**Task prompt**
Check every line below for the word "Shoes" and copy the ones that have it.

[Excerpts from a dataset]

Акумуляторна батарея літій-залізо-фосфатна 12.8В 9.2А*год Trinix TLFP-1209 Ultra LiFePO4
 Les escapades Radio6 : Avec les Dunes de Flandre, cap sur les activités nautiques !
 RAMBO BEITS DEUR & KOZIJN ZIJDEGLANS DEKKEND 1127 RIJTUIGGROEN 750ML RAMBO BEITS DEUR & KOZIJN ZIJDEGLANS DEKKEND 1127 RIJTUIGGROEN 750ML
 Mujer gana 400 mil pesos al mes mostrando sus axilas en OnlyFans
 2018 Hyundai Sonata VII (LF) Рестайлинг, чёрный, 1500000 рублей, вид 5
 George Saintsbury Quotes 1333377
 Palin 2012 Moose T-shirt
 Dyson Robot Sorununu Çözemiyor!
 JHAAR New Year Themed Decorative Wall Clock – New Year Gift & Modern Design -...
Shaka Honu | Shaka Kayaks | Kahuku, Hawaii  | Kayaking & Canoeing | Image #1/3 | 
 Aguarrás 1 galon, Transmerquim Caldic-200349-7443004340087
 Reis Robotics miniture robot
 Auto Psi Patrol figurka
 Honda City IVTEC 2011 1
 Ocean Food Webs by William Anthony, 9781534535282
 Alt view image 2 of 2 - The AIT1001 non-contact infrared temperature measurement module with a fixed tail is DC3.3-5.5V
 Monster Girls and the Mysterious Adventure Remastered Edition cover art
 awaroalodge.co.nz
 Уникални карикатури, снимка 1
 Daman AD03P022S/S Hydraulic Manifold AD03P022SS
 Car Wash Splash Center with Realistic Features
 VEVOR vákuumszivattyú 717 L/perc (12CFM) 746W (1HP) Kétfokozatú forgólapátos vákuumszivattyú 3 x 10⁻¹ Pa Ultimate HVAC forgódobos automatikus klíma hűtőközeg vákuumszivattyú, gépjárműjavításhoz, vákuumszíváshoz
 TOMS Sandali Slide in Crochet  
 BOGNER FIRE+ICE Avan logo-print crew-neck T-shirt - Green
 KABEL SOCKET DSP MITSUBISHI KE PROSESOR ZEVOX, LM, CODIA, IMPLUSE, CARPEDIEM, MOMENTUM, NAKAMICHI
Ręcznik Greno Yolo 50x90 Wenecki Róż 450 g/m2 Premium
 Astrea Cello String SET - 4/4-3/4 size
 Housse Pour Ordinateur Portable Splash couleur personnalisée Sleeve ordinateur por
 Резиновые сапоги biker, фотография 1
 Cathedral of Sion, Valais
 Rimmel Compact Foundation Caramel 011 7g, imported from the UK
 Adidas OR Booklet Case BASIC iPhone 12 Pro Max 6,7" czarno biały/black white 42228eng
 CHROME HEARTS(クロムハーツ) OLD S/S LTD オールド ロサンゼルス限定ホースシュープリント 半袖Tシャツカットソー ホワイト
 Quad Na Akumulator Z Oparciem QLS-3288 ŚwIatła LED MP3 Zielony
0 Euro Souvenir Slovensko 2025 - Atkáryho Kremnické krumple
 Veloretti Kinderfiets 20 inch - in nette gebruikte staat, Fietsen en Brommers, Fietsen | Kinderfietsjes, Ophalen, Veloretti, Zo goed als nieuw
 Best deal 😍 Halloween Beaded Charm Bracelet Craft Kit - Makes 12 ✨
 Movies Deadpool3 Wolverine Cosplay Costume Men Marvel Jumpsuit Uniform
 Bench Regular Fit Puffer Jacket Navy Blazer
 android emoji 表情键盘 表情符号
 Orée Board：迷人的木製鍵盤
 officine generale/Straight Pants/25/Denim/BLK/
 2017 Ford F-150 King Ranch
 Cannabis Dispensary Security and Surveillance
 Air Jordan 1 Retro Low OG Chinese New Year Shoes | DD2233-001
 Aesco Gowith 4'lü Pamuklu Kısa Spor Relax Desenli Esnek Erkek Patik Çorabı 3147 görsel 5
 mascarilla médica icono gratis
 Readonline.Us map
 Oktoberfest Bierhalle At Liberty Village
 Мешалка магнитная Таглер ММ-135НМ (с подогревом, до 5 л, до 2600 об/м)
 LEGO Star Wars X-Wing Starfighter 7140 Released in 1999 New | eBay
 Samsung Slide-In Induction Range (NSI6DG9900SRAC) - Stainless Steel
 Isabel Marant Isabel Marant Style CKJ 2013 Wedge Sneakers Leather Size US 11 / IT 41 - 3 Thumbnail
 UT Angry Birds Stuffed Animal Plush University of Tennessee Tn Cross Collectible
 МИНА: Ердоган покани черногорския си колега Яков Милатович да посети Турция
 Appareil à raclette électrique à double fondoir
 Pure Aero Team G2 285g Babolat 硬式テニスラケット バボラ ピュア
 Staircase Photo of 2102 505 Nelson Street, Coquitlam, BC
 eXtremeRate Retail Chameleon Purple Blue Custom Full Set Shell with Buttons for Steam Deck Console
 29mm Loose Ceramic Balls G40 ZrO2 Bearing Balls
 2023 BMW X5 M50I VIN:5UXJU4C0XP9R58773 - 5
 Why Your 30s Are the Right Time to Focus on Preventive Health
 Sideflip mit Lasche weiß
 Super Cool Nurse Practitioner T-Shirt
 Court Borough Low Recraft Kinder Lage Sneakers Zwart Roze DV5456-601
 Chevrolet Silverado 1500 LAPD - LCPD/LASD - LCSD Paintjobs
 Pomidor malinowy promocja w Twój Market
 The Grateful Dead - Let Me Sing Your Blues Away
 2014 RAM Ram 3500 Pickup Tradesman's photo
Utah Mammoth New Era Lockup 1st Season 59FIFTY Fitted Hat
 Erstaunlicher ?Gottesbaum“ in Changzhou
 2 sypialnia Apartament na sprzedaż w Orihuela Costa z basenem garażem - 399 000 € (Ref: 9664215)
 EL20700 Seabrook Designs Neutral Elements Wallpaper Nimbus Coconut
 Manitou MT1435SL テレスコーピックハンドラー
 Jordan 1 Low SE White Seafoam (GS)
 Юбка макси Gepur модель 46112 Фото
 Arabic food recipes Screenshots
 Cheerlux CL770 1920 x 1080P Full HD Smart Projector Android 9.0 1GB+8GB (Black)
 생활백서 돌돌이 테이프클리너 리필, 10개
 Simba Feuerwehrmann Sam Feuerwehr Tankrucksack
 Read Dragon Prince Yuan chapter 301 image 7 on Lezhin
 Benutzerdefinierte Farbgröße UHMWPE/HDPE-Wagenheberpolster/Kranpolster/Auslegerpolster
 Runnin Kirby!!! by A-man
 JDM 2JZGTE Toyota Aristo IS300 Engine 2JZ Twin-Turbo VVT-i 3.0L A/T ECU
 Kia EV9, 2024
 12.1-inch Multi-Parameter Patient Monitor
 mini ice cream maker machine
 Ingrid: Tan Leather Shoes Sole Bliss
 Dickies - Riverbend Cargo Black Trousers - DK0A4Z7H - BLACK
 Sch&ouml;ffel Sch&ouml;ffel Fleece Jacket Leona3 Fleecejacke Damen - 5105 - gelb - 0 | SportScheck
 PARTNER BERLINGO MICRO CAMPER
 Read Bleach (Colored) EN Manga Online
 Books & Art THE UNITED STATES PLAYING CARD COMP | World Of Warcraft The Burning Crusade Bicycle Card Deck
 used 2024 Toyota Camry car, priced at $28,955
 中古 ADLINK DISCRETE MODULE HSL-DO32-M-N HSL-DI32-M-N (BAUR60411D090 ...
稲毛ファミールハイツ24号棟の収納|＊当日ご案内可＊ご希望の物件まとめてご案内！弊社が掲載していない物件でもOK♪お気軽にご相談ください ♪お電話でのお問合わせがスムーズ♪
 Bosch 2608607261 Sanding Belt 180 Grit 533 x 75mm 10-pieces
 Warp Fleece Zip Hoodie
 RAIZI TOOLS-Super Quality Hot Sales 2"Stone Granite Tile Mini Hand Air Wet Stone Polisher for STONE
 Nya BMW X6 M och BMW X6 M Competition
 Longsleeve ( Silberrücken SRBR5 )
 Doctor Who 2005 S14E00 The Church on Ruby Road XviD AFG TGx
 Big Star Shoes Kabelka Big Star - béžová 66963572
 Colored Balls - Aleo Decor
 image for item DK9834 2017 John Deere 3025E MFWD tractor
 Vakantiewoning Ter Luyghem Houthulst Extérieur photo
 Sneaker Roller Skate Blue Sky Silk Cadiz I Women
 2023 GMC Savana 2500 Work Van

**Response**
 Air Jordan 1 Retro Low OG Chinese New Year Shoes | DD2233-001
 Ingrid: Tan Leather Shoes Sole Bliss
 Big Star Shoes Kabelka Big Star - béžová 66963572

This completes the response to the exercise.